[[ Data for processing open ]]

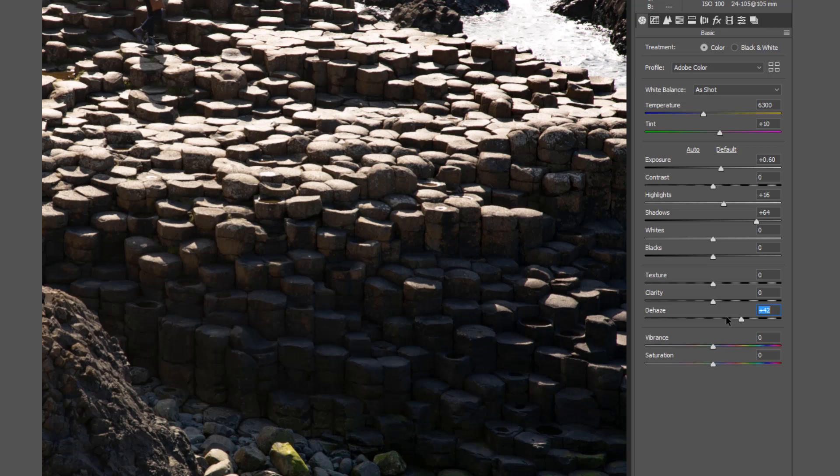As the name suggests, dehaze is capable of removing the haziness from photographs, as well as the ability to add a bit of haze for effect if that's what we want.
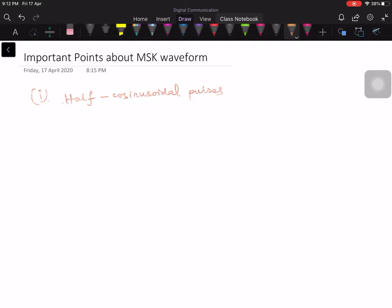In this lecture, I would like to bring out some important points about the minimum shift keying waveform. There are a few points. The very first point is the MSK waveform uses half-cosine pulse shapes. So it uses half-cosine pulse shapes instead of a rectangular pulse.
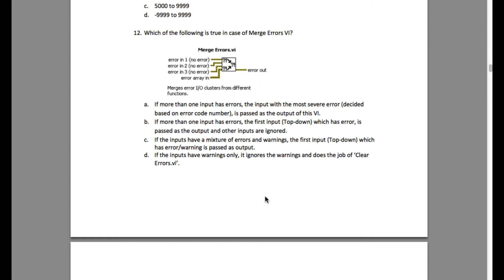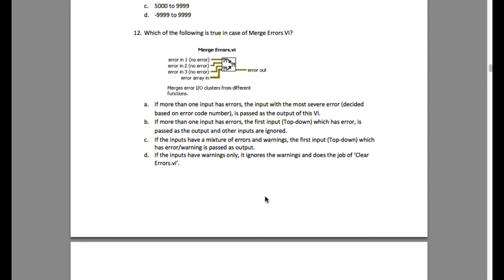Merge error VI is a function which can take multiple number of error in output and it actually works from top to down approach. So it is going to scan for the errors from the top to bottom. Whenever the error is received in either one of the terminals from the top to bottom, it is going to send only that particular error and ignore the rest of the errors.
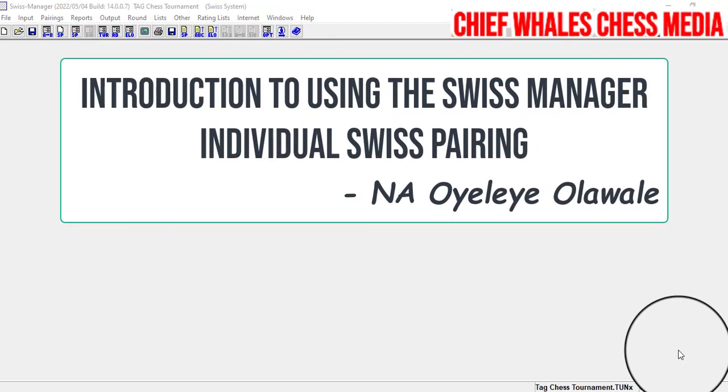Good day everybody, my name is Ogilio Lawale and I will be teaching you how to use the Swiss Manager from scratch.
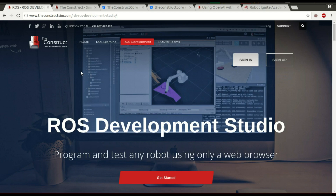Hi, my name is Ruben Alves and today we are going to see how to use Git in ROS Development Studio.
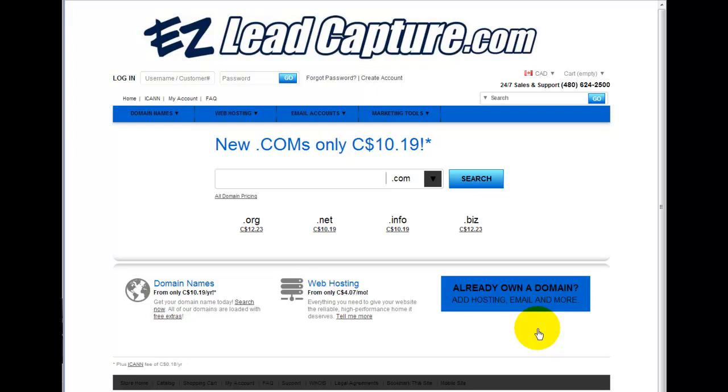This is just going to show you how to quickly get your domain name forwarded to your LeadCapture page properly.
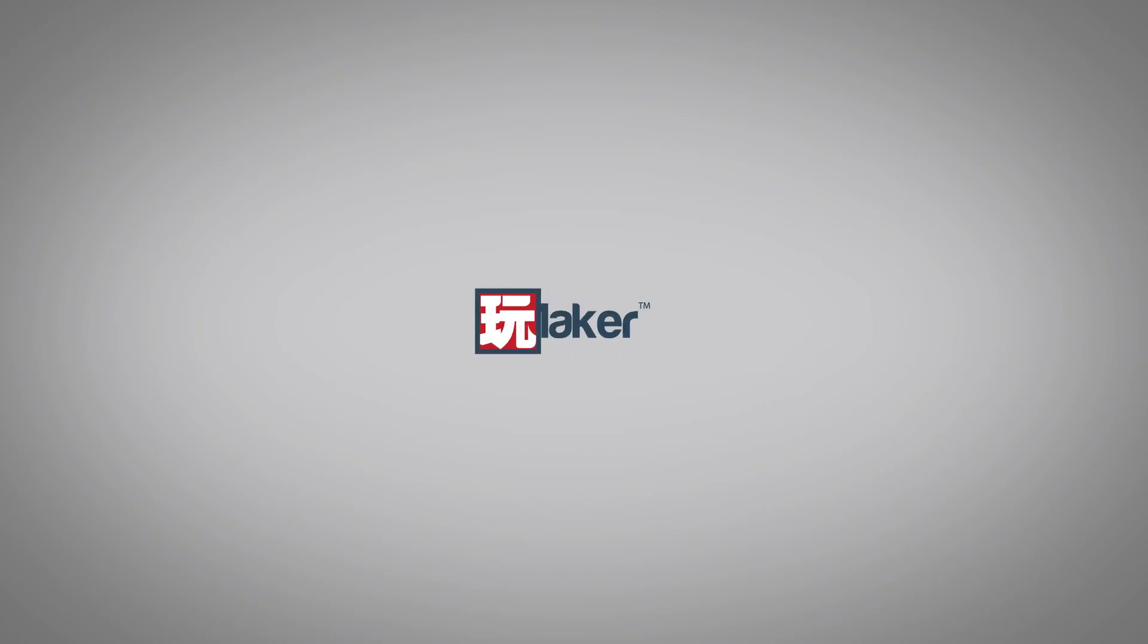Be sure to check out our other videos to learn all the various features of Playmaker. Links to more learning resources are in the description.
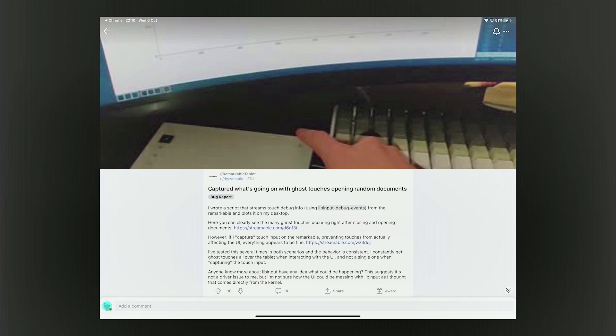Let me point you to another piece of evidence that suggests it could be a software issue. This Reddit post found that by logging the output events from the Remarkable — what it means by 'ghost touches' — the device was registering touches without anyone even touching it. So it's doing it itself. We now know the facts and have analyzed what's happening.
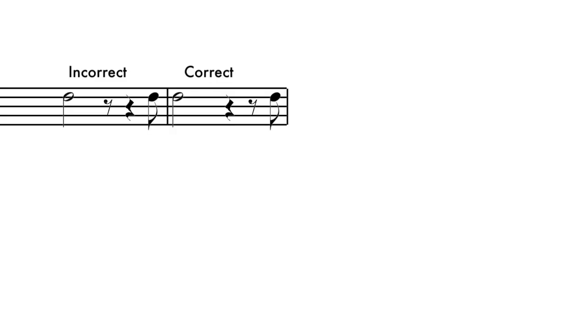In the next example, the incorrect measure shows a quarter rest that begins on the end of beat 3. To correct this, the quarter rest is shifted to represent beat 3 and the eighth rest and note together complete beat 4. This concludes our lessons on music rhythm.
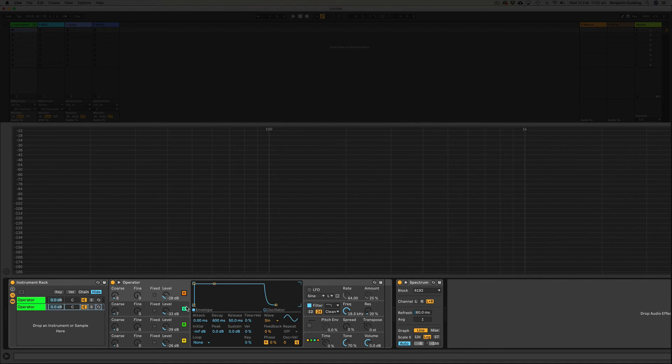You'll notice that these are all multiples of the fundamental, so 100, 200, 300. Now, if these weren't multiples of the fundamental, then we'd get a much more dissonant sound, and they are called inharmonics.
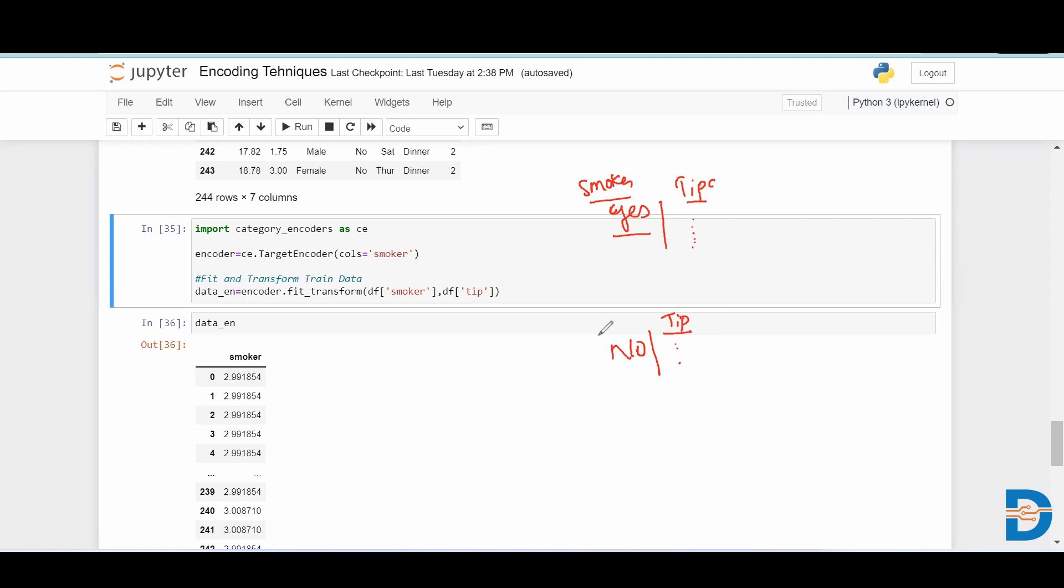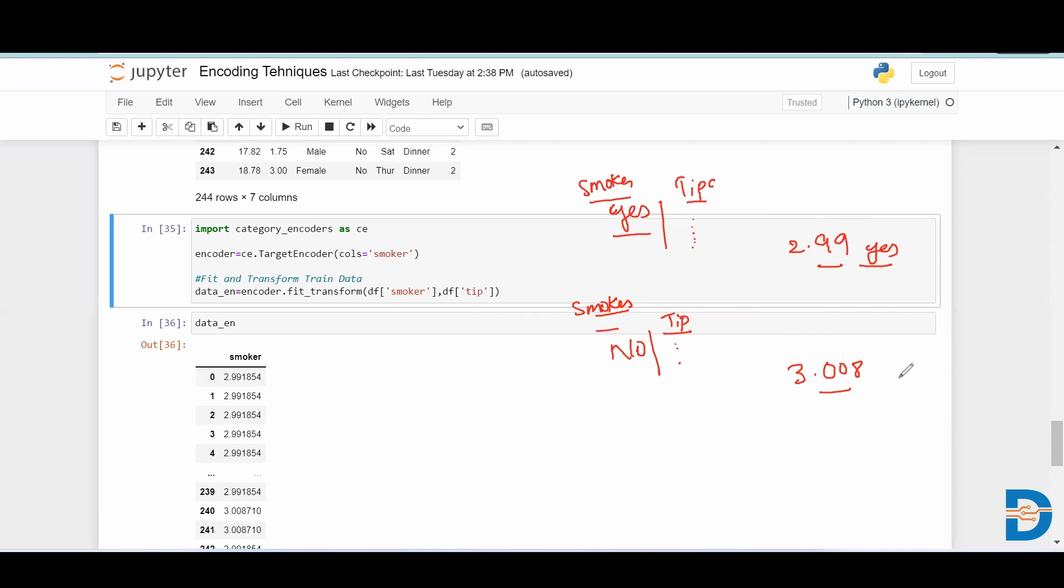Here it got 2.99 as a mean for yes, and here it got 3.008 as a mean for no. So it will replace yes with 2.99 and no with 3.008. Like that, it will replace the categories with the mean of the target column.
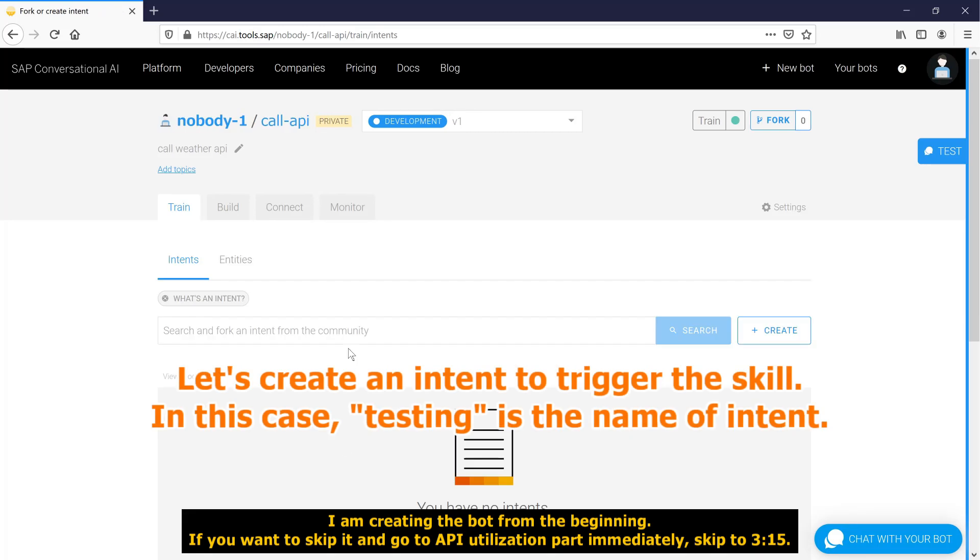Let's create an intent to trigger the skill. In this case, testing is the name of intent.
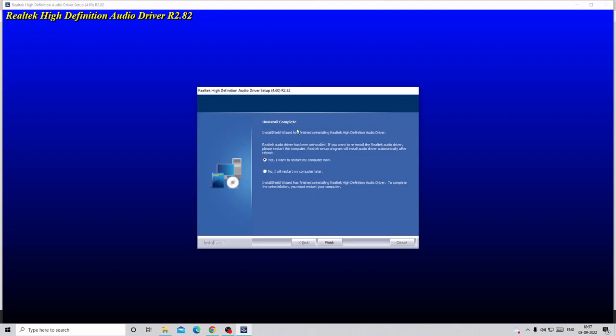Once done, you will see that the uninstall is completed and it has uninstalled the previous old version of the Realtek HD audio driver. This will ask you to restart. Go with 'Yes, I want to restart my computer now' and click Finish. Your PC will be restarted and once restarted, you will again get the installation wizard. Follow the simple step by clicking next and finish, and then finally it will be installed on your PC.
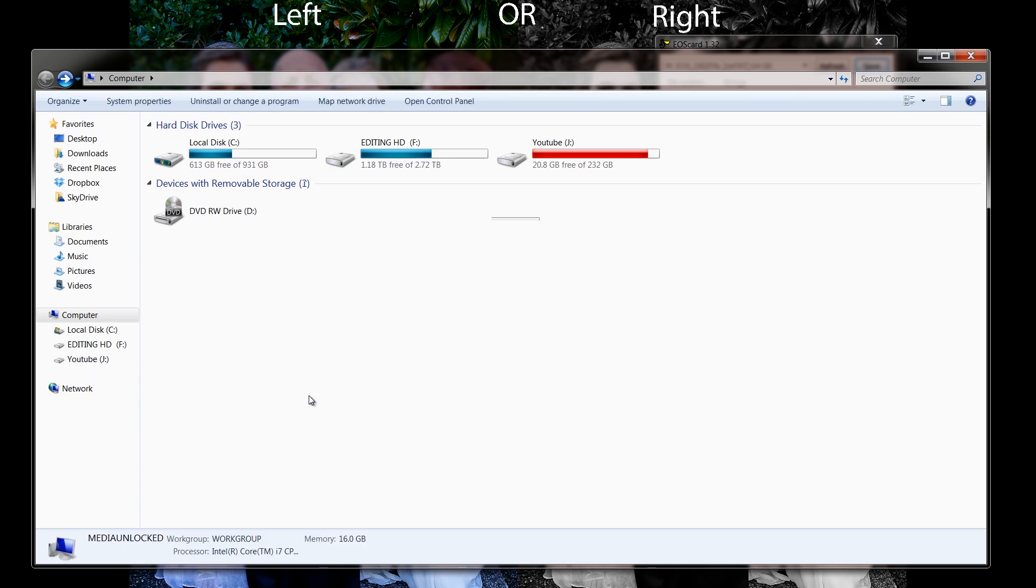There we go. I'm going to pop it into my Canon T2i. There we go. Let's hit the delete button. Yes, I do have Magic Lantern so it worked, of course, without a flaw.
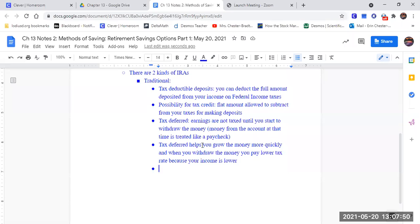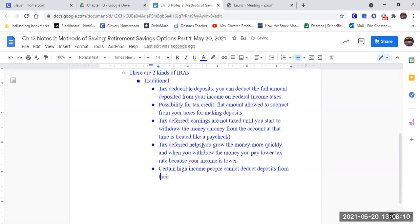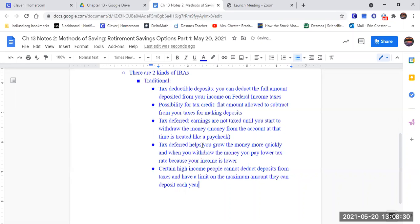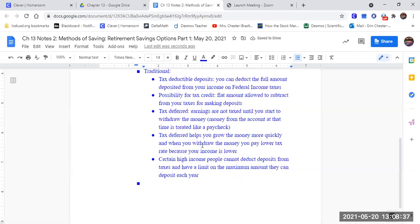Now, the last thing about the Traditional IRA: certain high-income people cannot deduct deposits from taxes and have a limit on the maximum amount they can deposit each year, but for the average person it's not a big deal. So that's the Traditional IRA.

[[ Data for processing closed ]]

Exercise prompt. Leaving the pictures out, reproduce the entries above exactly.

Solution.
As the name suggests, dehaze is capable of removing the haziness from photographs, as well as the ability to add a bit of haze for effect if that's what we want.
In this lecture, I would like to bring out some important points about the minimum shift keying waveform. There are a few points. The very first point is the MSK waveform uses half-cosine pulse shapes. So it uses half-cosine pulse shapes instead of a rectangular pulse.
Merge error VI is a function which can take multiple number of error in output and it actually works from top to down approach. So it is going to scan for the errors from the top to bottom. Whenever the error is received in either one of the terminals from the top to bottom, it is going to send only that particular error and ignore the rest of the errors.
Good day everybody, my name is Ogilio Lawale and I will be teaching you how to use the Swiss Manager from scratch.
Hi, my name is Ruben Alves and today we are going to see how to use Git in ROS Development Studio.
This is just going to show you how to quickly get your domain name forwarded to your LeadCapture page properly.
Be sure to check out our other videos to learn all the various features of Playmaker. Links to more learning resources are in the description.
Let me point you to another piece of evidence that suggests it could be a software issue. This Reddit post found that by logging the output events from the Remarkable — what it means by 'ghost touches' — the device was registering touches without anyone even touching it. So it's doing it itself. We now know the facts and have analyzed what's happening.
In the next example, the incorrect measure shows a quarter rest that begins on the end of beat 3. To correct this, the quarter rest is shifted to represent beat 3 and the eighth rest and note together complete beat 4. This concludes our lessons on music rhythm.
You'll notice that these are all multiples of the fundamental, so 100, 200, 300. Now, if these weren't multiples of the fundamental, then we'd get a much more dissonant sound, and they are called inharmonics.
Here it got 2.99 as a mean for yes, and here it got 3.008 as a mean for no. So it will replace yes with 2.99 and no with 3.008. Like that, it will replace the categories with the mean of the target column.
Let's create an intent to trigger the skill. In this case, testing is the name of intent.
Once done, you will see that the uninstall is completed and it has uninstalled the previous old version of the Realtek HD audio driver. This will ask you to restart. Go with 'Yes, I want to restart my computer now' and click Finish. Your PC will be restarted and once restarted, you will again get the installation wizard. Follow the simple step by clicking next and finish, and then finally it will be installed on your PC.
There we go. I'm going to pop it into my Canon T2i. There we go. Let's hit the delete button. Yes, I do have Magic Lantern so it worked, of course, without a flaw.
Now, the last thing about the Traditional IRA: certain high-income people cannot deduct deposits from taxes and have a limit on the maximum amount they can deposit each year, but for the average person it's not a big deal. So that's the Traditional IRA.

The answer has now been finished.